Das Thema Kindesmissbrauch geht Katrina Kittle sehr sensibel an. Sie verzichtet auf reißerische Darstellungen und emotionale Schocker und überlässt es vielmehr Jordan, der diese Erinnerungen natürlich zu verdrängen versucht, mit kleinen Bemerkungen in seiner Perspektive dem Leser sein Schicksal bewusst zu machen.

Überhaupt geht es in dem Buch um weit mehr als Kindesmissbrauch, auch wenn dies das Motiv ist, um das sich alles dreht. Es geht auch um den schönen Schein, den die Kendricks – sie Ärztin, er erfolgreicher Geschäftsmann – aufrechterhielten, damit niemand hinter ihr Geheimnis kam. Es geht darum, wie sie alle getäuscht haben und wie Jordan und Sarahs Familie damit umgehen, dass der Junge jetzt bei ihnen wohnt.

Die Handlung beschäftigt sich also mehr mit emotionalen Seiten als mit der Spannung, auch wenn das Buch als „Thriller“ deklariert ist. Wer Nervenkitzel bis zur letzten Seite erwartet, wird enttäuscht. Natürlich ist es auch nicht gerade langweilig, das Zusammenleben einer „normalen“ Familie mit einem sexuell missbrauchten Jungen zu beobachten, aber Sex and Crime darf man in „Zerbrechlich“ nicht erwarten.

Kittle beweist ein gutes Händchen, um diese zwischenmenschlichen Ereignisse glaubhaft zu erzählen. Der Leser kann dank der unterschiedlichen Perspektiven gut nachvollziehen, was im Hause Laden vor sich geht. Besonders Jordans Charakter ist der Autorin gut gelungen. Der schüchterne, abgekapselte Junge scheint in seiner eigenen Welt mit ihm sehr eigentümlichen, da von seiner Vergangenheit geprägten Gedankengängen zu wohnen. Er hat eine ganz andere Sicht auf gewisse Dinge als andere Menschen, und Kittle schafft es, diese für den Leser verständlich herüberzubringen, ohne viel dabei zu erklären. Man merkt, dass Jordan sehr verletzt wurde, ihm aber auch eine gewisse Stärke innewohnt.

Die anderen Charaktere sind ebenfalls sehr tiefgründig und gut gestaltet, aber gerade Nate, der mitten im Teenageralter ist, wirkt an manchen Stellen etwas zu vernünftig und dadurch unrealistisch.

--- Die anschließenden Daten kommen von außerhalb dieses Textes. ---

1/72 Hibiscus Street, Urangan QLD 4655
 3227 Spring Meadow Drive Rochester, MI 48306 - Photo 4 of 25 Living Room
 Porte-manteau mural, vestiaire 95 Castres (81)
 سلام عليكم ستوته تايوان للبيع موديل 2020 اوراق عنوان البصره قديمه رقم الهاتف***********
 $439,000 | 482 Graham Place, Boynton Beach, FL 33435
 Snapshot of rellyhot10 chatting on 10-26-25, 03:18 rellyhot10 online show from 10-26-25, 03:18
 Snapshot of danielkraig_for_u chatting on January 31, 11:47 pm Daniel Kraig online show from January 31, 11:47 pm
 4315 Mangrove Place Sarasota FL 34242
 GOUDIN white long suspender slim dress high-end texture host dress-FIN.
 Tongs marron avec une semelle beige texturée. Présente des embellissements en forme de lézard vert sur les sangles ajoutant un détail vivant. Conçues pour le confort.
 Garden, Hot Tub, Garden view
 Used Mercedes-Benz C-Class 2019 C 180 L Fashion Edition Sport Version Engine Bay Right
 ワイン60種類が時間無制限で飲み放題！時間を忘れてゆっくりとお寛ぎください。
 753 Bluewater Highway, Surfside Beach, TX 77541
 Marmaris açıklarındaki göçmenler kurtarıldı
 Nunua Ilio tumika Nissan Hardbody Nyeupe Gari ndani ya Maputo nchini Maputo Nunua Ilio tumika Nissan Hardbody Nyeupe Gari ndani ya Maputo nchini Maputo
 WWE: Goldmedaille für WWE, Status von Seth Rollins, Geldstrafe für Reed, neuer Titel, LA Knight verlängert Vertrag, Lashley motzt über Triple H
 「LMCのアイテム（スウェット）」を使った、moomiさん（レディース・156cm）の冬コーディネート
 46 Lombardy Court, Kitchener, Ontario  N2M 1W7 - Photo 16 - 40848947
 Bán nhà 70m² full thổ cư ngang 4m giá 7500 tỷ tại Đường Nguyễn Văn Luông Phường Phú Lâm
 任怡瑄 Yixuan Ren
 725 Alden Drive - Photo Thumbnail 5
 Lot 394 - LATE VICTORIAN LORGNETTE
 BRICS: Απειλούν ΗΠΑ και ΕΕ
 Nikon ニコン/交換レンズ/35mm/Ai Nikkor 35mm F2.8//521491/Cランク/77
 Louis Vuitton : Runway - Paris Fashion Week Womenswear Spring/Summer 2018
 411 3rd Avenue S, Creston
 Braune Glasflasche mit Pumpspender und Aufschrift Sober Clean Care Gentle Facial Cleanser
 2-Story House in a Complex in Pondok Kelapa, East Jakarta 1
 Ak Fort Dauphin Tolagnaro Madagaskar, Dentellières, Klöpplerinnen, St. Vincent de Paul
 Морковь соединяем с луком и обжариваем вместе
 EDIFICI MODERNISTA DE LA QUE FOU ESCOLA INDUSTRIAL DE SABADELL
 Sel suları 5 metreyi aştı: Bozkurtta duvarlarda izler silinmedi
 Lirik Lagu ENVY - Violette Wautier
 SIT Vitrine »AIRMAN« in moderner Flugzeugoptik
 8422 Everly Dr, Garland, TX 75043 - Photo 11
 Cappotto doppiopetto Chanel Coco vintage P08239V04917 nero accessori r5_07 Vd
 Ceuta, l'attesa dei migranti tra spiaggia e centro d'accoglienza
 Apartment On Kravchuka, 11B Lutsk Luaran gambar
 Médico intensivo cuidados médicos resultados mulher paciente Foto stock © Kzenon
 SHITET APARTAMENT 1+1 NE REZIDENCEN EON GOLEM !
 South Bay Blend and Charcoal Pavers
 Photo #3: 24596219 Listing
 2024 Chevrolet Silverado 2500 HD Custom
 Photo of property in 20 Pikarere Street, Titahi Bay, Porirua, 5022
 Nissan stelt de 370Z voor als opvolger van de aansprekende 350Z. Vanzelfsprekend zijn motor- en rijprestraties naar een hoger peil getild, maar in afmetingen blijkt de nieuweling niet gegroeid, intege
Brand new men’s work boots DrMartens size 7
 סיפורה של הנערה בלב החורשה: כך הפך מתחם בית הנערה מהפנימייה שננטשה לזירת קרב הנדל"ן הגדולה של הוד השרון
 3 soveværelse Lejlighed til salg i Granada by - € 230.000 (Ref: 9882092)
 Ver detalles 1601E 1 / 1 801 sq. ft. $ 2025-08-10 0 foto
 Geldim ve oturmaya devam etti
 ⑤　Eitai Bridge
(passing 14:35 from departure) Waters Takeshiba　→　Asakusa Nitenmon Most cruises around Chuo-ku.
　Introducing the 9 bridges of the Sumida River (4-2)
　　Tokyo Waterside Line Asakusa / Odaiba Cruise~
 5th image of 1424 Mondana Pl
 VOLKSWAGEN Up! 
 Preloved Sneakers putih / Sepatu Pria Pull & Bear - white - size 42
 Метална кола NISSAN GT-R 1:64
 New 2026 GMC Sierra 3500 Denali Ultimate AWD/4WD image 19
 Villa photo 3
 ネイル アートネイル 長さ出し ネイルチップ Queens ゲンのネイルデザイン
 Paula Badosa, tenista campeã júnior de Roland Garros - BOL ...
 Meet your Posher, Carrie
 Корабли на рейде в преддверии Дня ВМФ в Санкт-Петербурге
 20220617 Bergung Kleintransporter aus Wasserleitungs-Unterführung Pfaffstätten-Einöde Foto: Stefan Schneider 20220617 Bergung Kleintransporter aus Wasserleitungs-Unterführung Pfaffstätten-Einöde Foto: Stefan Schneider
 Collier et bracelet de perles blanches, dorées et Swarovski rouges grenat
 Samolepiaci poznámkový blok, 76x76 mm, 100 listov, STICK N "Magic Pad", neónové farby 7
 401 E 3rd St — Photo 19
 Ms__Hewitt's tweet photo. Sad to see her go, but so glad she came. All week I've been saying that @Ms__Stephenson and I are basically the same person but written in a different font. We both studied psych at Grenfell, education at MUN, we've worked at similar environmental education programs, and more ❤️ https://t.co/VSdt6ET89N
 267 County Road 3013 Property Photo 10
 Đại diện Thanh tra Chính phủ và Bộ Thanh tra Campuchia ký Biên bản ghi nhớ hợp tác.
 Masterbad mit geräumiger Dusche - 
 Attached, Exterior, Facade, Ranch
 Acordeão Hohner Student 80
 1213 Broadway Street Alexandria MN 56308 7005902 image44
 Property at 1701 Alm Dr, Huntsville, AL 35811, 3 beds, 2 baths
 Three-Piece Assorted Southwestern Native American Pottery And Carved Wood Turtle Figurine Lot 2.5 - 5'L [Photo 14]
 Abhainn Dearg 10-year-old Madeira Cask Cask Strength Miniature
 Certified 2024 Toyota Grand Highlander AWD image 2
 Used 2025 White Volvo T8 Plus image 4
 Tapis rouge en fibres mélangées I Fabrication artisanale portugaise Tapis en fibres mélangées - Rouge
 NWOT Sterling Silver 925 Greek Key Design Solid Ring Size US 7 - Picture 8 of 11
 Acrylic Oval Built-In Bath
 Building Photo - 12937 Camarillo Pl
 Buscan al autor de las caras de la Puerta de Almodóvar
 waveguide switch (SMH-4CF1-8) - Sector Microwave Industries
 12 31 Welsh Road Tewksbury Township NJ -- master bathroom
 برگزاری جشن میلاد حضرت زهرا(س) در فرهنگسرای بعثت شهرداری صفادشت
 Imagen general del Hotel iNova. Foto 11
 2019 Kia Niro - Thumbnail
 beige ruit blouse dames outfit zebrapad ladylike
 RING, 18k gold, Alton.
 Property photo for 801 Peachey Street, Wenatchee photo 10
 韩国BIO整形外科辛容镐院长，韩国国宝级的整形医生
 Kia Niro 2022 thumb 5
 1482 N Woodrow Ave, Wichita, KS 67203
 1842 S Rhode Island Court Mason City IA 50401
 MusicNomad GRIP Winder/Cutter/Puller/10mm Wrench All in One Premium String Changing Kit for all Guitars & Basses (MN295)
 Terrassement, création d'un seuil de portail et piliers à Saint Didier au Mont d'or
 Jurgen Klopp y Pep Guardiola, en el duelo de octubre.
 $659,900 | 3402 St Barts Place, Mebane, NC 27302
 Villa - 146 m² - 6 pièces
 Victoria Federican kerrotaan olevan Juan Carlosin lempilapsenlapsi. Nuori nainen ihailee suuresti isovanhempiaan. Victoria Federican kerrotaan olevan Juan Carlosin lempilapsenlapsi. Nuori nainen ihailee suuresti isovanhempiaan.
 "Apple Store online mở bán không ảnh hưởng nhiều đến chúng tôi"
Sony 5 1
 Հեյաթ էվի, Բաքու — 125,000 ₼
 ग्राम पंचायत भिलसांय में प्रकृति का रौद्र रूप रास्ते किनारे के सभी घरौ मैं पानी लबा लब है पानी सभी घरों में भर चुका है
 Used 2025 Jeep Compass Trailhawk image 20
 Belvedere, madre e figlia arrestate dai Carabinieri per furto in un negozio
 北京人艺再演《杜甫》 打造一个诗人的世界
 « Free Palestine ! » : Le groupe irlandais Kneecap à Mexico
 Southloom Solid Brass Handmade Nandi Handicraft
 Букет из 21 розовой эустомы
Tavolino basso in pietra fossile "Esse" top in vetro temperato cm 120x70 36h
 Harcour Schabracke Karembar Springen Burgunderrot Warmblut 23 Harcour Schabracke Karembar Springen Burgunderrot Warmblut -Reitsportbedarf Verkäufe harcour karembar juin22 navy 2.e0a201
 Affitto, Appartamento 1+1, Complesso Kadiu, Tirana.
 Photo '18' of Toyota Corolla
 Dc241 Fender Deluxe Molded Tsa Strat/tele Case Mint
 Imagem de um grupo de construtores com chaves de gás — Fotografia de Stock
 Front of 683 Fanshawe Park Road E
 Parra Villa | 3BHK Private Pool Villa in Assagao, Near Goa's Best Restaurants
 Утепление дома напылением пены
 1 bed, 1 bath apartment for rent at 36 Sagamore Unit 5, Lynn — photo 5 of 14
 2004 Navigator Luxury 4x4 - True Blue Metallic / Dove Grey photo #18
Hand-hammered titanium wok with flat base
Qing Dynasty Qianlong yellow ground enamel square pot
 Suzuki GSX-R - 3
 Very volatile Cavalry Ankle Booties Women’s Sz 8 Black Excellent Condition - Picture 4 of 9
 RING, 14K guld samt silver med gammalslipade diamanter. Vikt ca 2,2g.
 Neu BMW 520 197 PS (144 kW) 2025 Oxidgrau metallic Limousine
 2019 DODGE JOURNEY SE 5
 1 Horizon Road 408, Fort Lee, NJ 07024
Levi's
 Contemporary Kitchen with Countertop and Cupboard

Ein wirkliches Manko des Romans ist allerdings der Schreibstil. Das beginnt schon mit der schlampigen Übersetzung. Wieso bleibt das Wörtchen „Yeah“, das des Öfteren vorkommt, unübersetzt, und wieso sagt man statt „Soccermom“ nicht einfach „Fußballmama“? Es ist sicherlich nicht allen Deutschen bewusst, was „soccer“ ist, und die Übersetzung als „Fußball“ tut nicht weh und ist auch in Zeiten des Neudeutschen noch modern genug.

Ansonsten gibt es wenige positive Eigenschaften, mit denen sich Kittles Schreibstil hervortut. Sie schreibt durchschnittlich gut, auch wenn sie an einigen, zumeist unwichtigen Stellen zu sehr ins Detail geht. Unwichtige Stellen sind vor allem ihre Arbeit als Köchin. Für den Verlauf der Geschichte ist es zum Beispiel völlig irrelevant, alle Schritte bei der Zubereitung eines Fischgerichtes aufzuzählen. Leider passiert das aber nicht nur einmal im Buch, was auf die Dauer nervt.

„Zerbrechlich“ von Katrina Kittle ist eine zweischneidige Angelegenheit. Inhalt und Charaktere gefallen sehr gut und sind authentisch, aber der Schreibstil ist zu durchschnittlich, um das Buch in die oberen Ränge zu hieven. Das ist schade, denn der angebliche Thriller hat mehr als genug gute Ansätze.